**What the exercise asks:**
One part of the entries below is wanted: the lines from the one containing "Building Photo - 2027 Bowling Green St" through the one containing "CHP'de Özel başkanlığındaki". Write those out exactly and nothing else.
Start of Source material
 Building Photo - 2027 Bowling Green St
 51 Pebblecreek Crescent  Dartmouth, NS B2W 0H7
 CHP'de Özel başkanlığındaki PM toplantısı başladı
End of Source material
Start of Source material
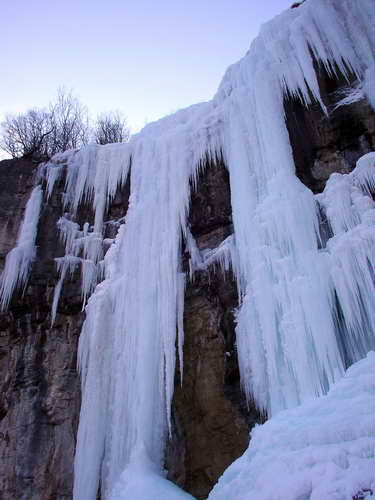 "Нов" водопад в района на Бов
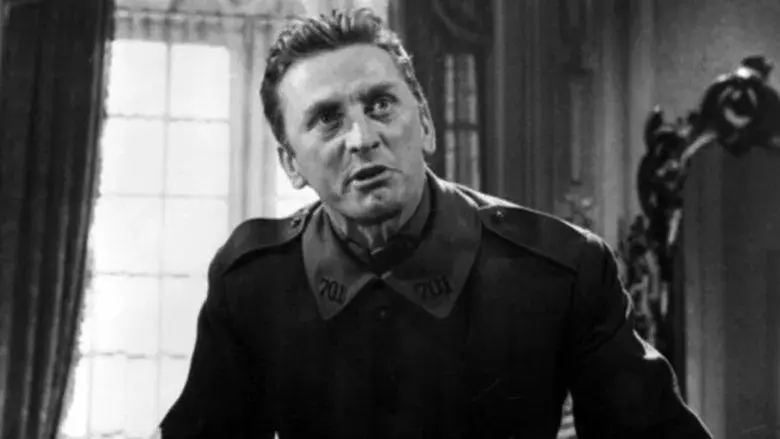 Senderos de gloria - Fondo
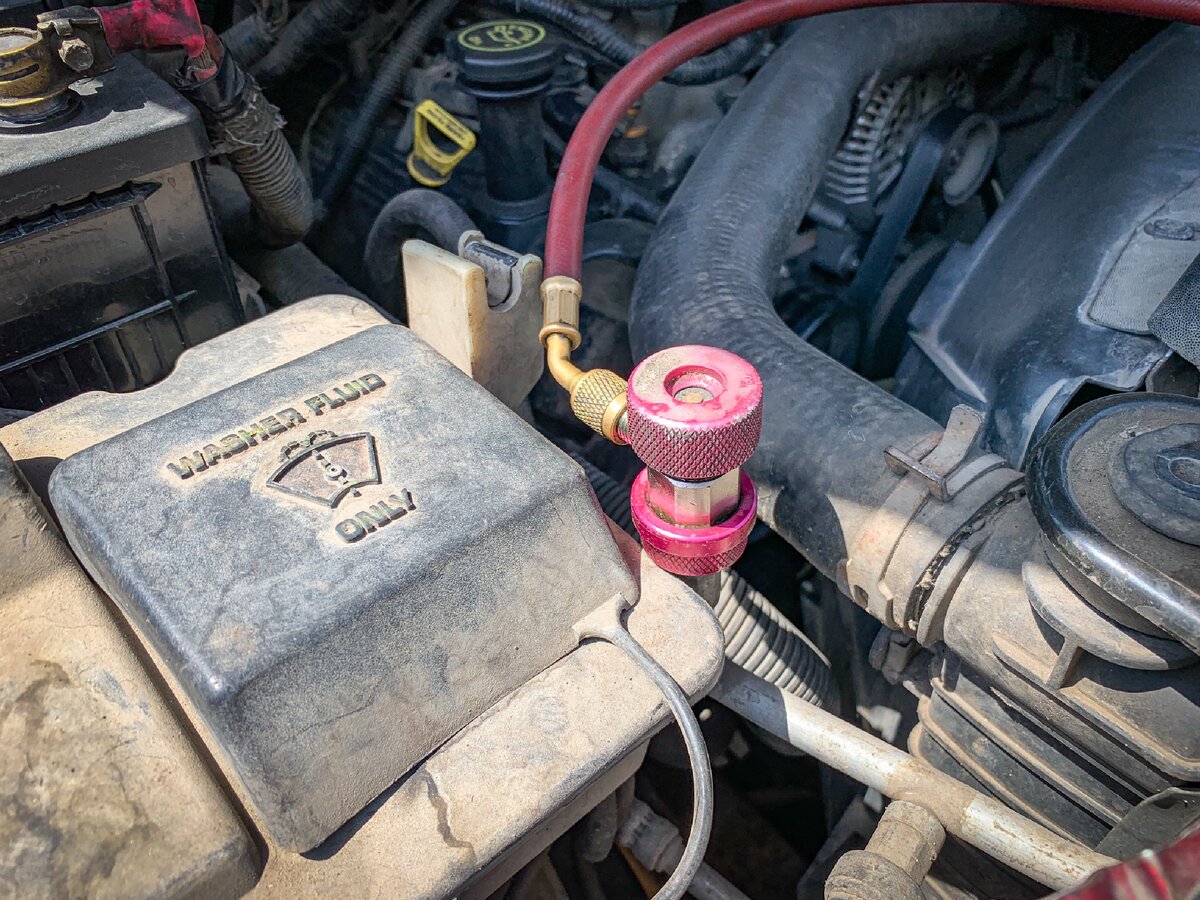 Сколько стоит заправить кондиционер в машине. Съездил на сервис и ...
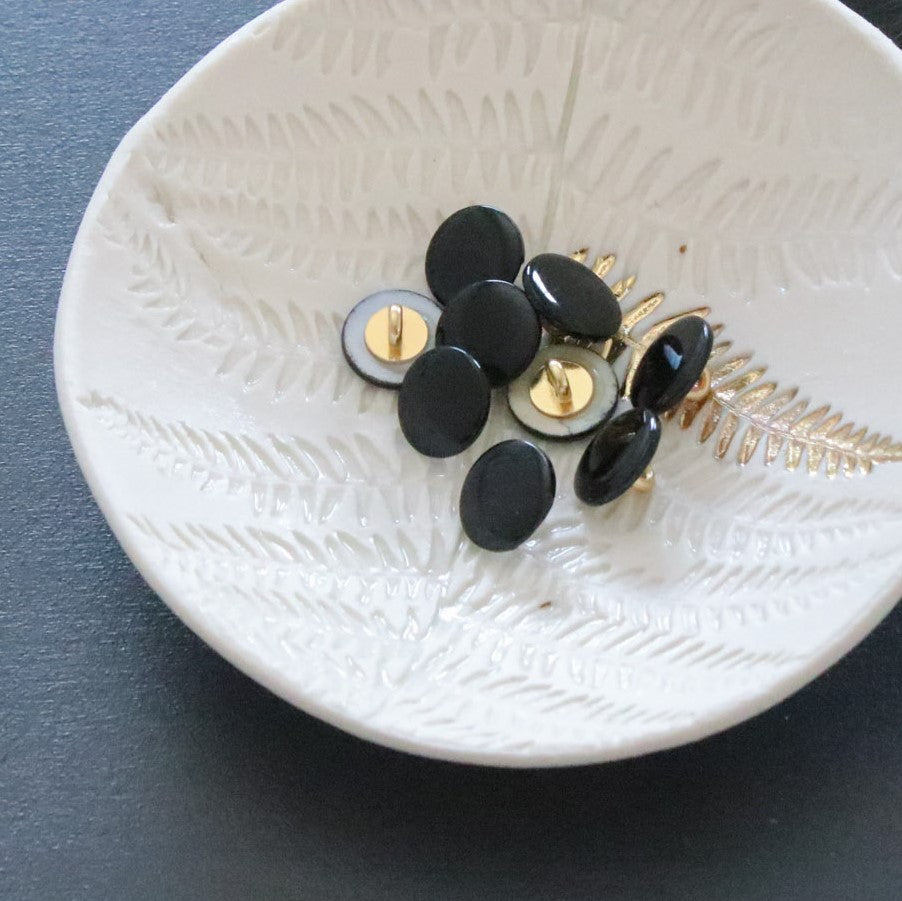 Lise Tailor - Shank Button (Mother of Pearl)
End of Source material
**Answer to this problem:**
 Building Photo - 2027 Bowling Green St
 51 Pebblecreek Crescent  Dartmouth, NS B2W 0H7
 CHP'de Özel başkanlığındaki PM toplantısı başladı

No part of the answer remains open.